Go to the line below that has "Dar Jnane - la", print it and each line after it exactly, and stop after the line that has "Full Rizaye Family"; leave out pictures.

__DATASET EXCERPTS__
•••
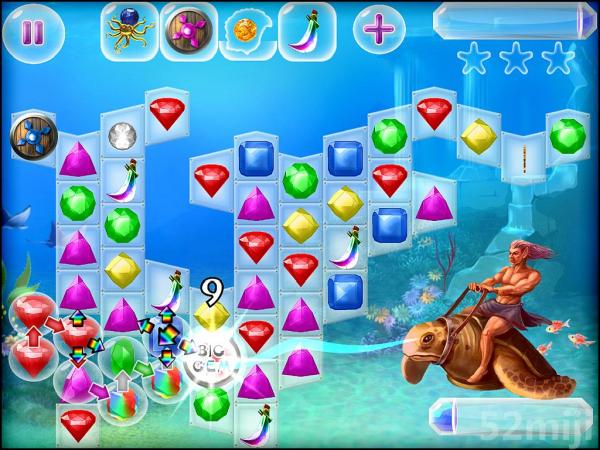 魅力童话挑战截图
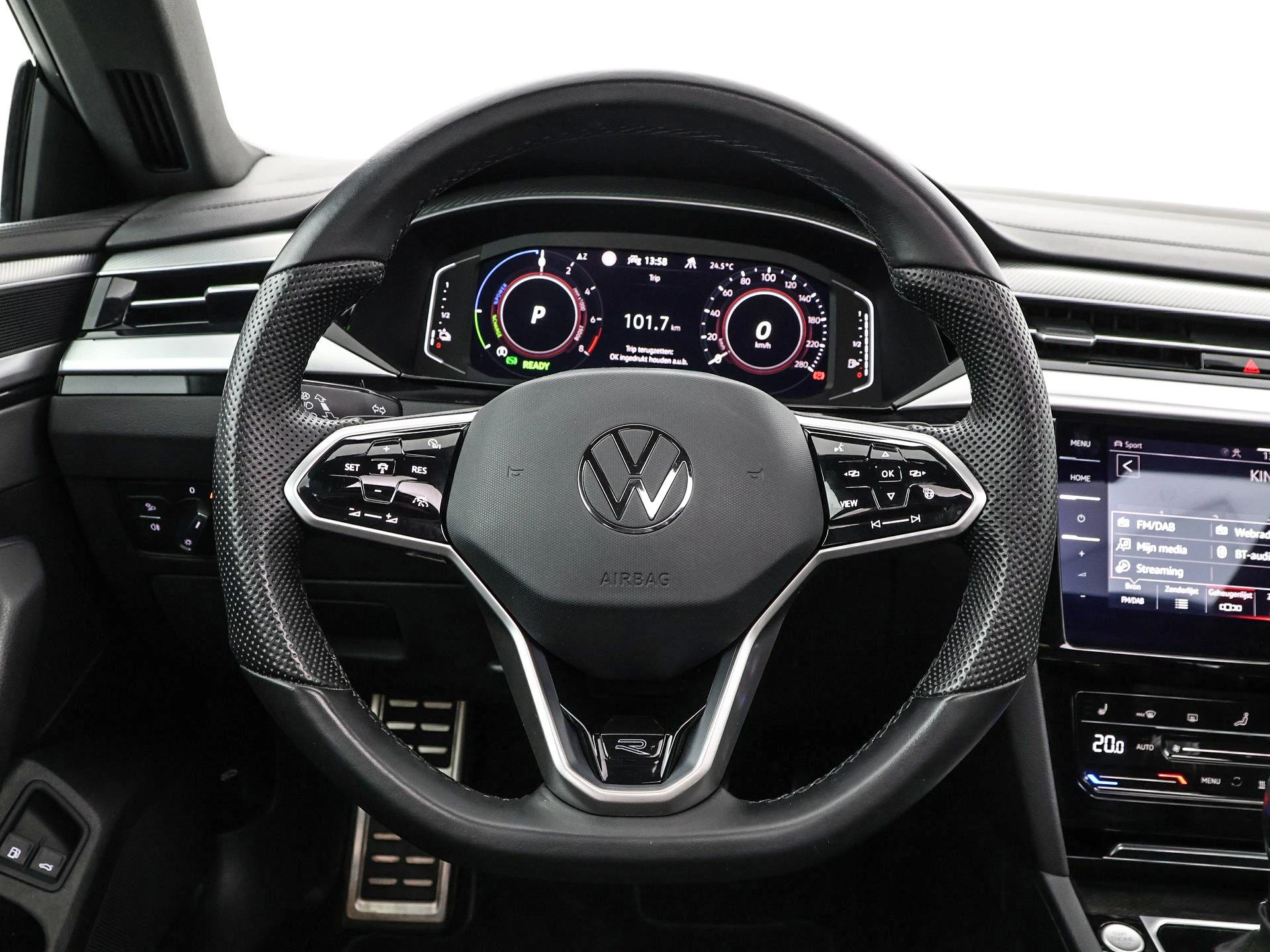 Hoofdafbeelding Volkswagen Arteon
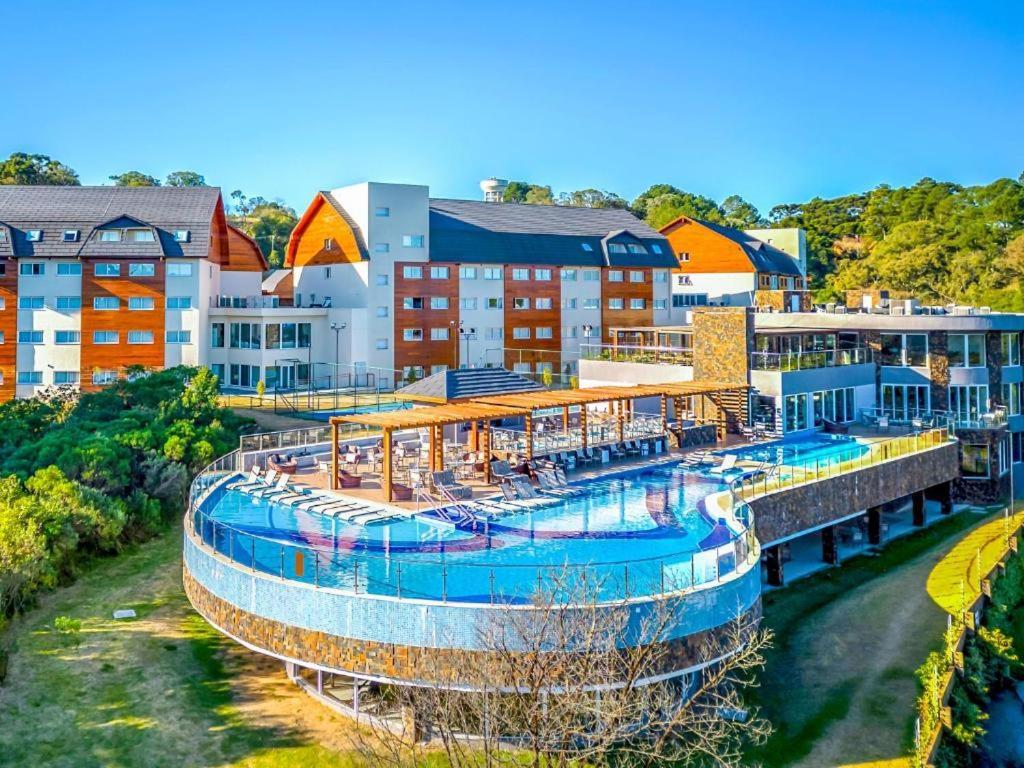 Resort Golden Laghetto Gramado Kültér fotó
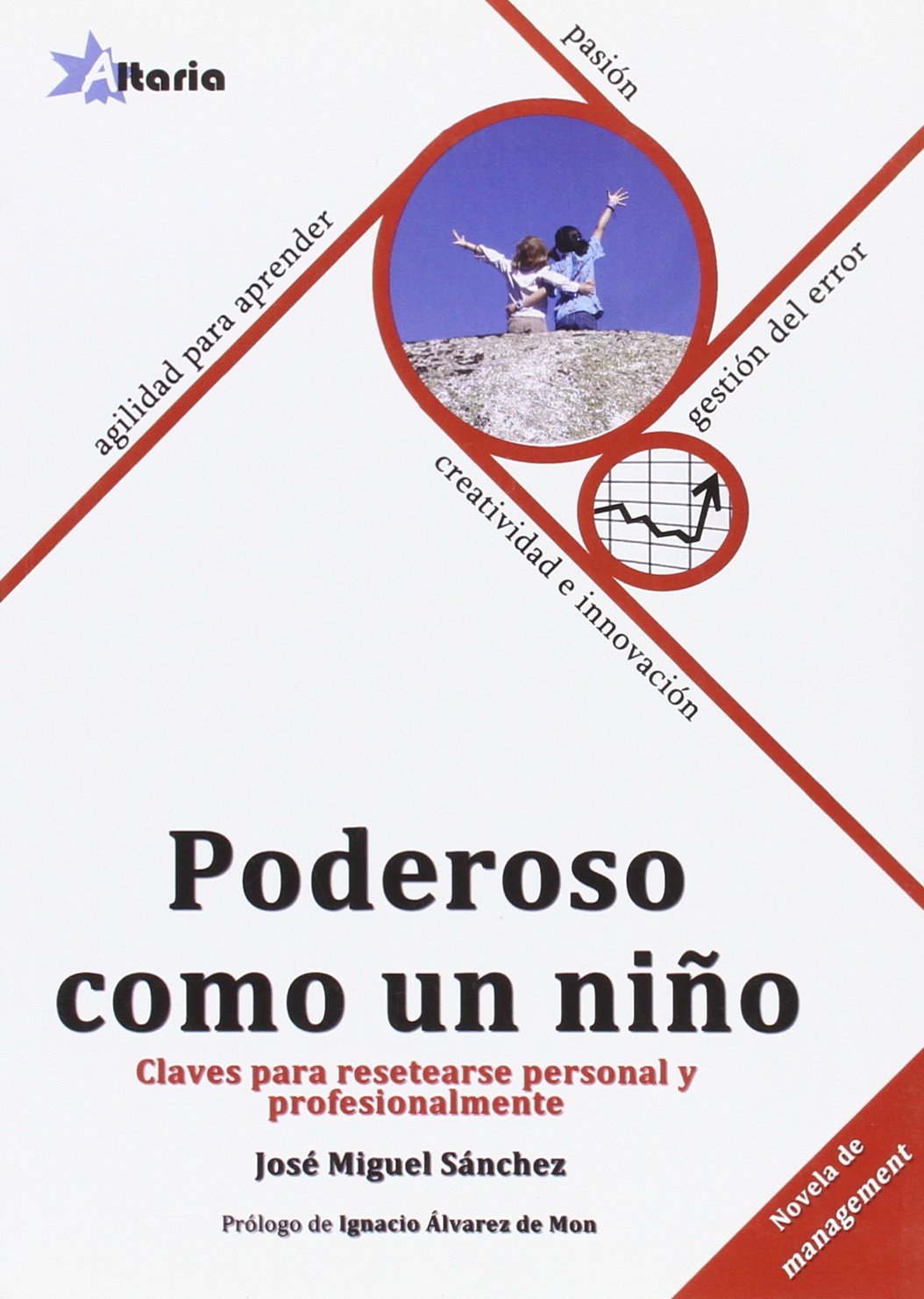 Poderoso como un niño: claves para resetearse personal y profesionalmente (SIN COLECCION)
•••
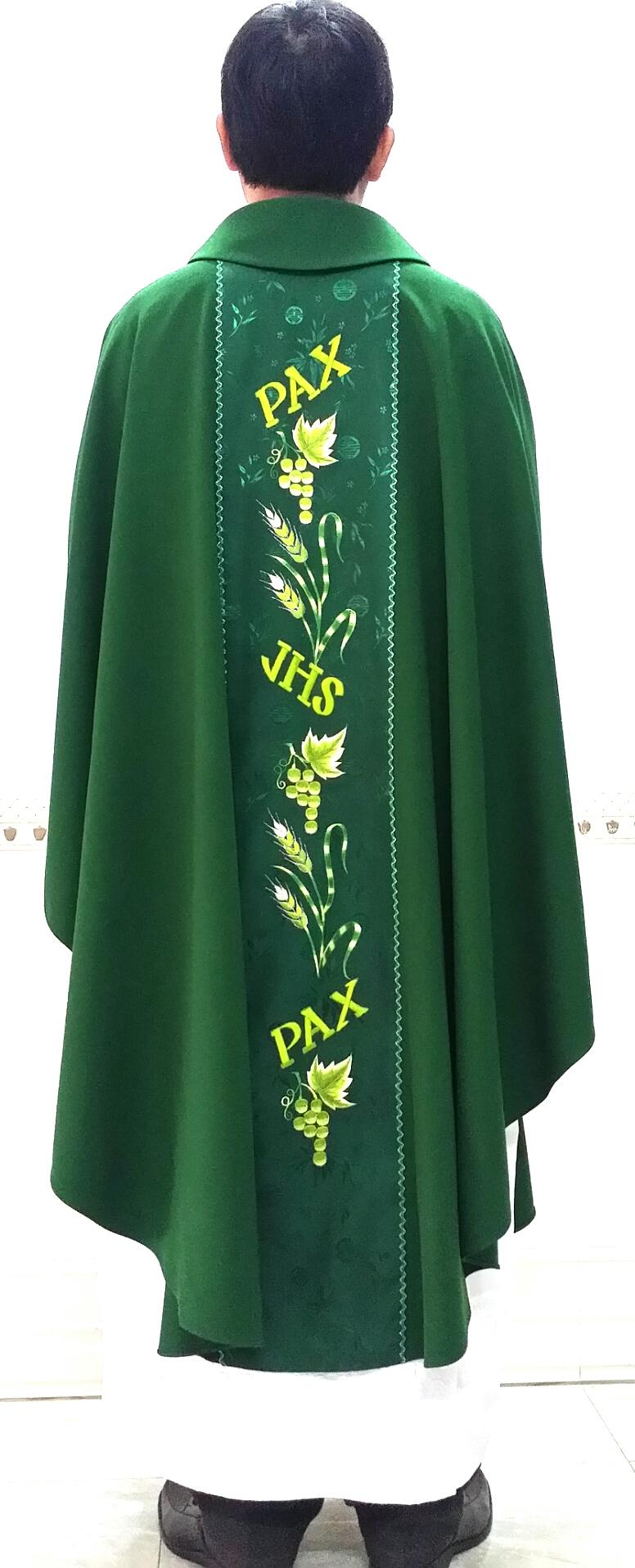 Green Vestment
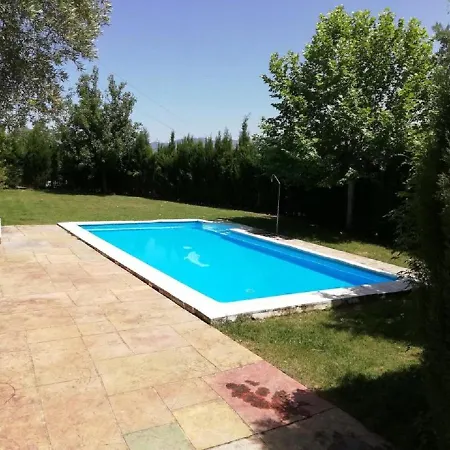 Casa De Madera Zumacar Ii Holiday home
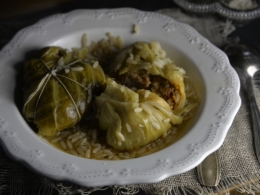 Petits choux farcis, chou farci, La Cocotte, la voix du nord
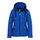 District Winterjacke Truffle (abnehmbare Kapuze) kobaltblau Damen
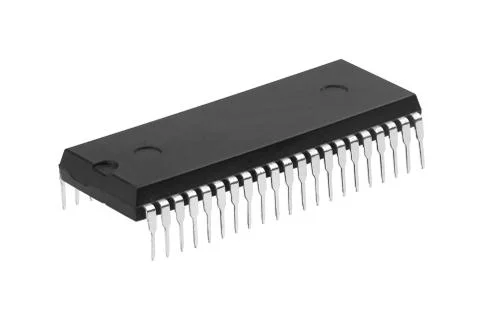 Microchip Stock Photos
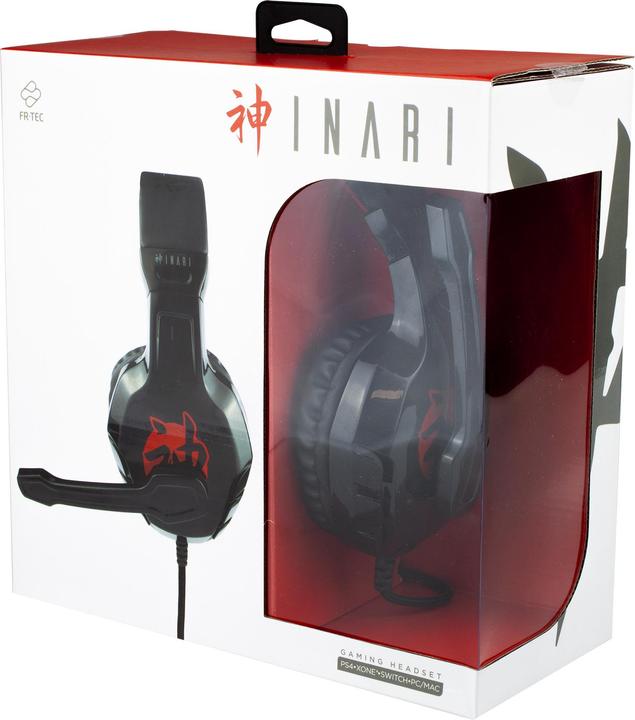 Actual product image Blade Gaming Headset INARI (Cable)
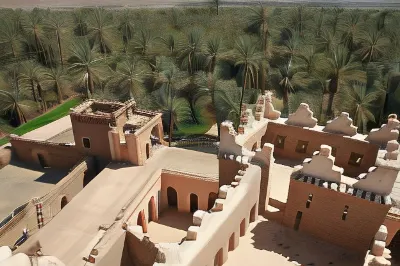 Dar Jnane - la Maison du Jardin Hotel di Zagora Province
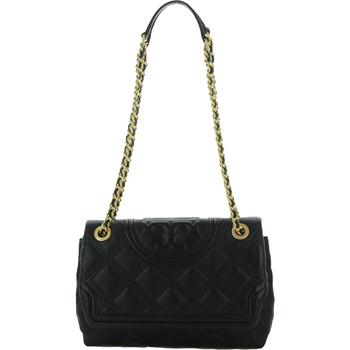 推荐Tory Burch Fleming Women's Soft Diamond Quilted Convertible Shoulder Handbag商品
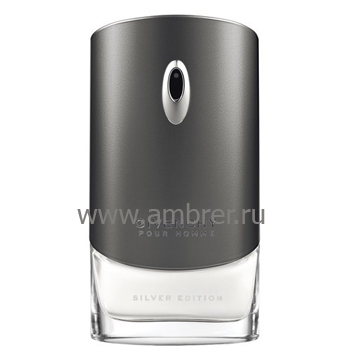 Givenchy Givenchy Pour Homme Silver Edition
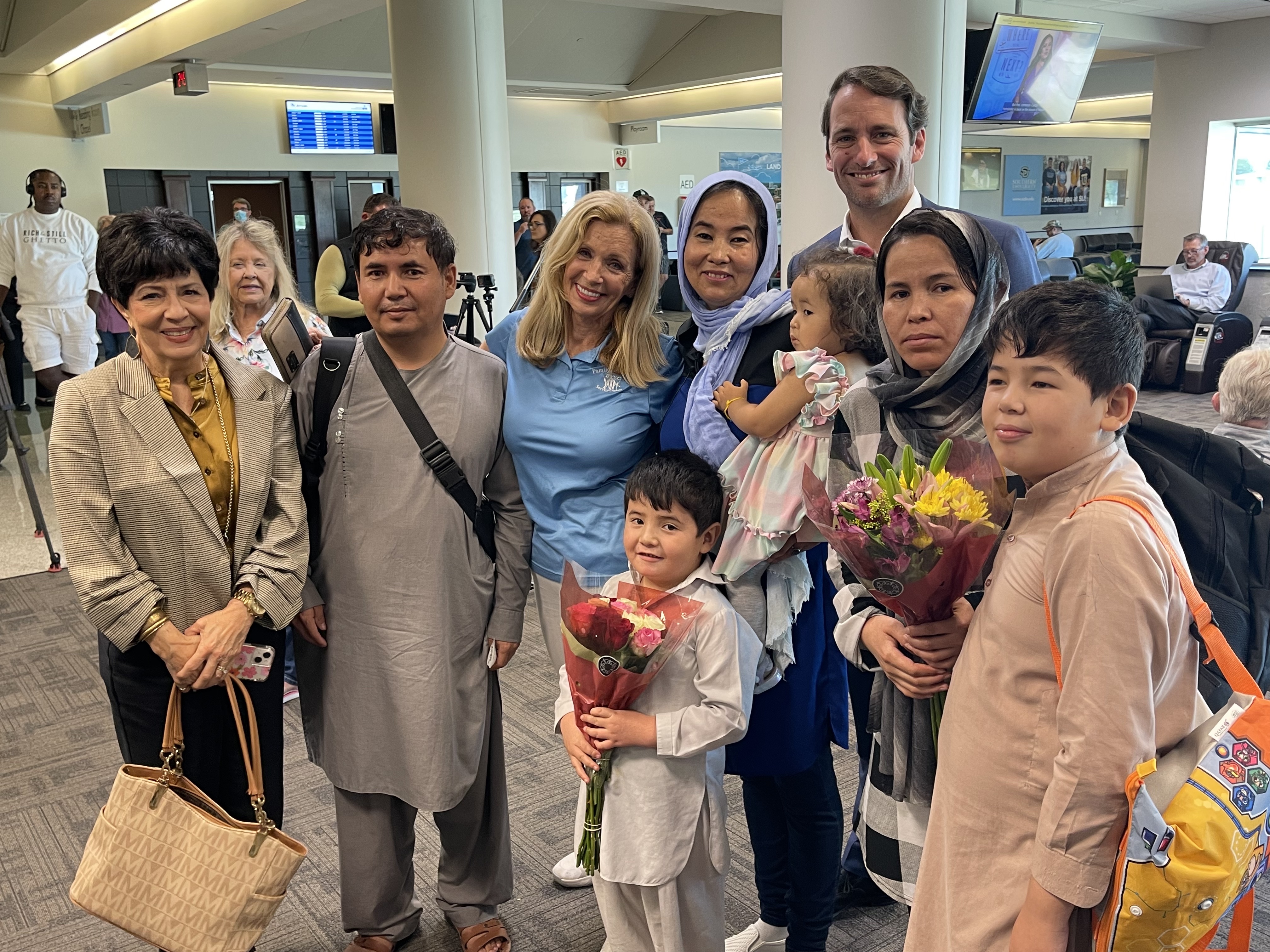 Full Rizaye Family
•••
__EXPECTED ANSWER__
 Dar Jnane - la Maison du Jardin Hotel di Zagora Province
 推荐Tory Burch Fleming Women's Soft Diamond Quilted Convertible Shoulder Handbag商品
 Givenchy Givenchy Pour Homme Silver Edition
 Full Rizaye Family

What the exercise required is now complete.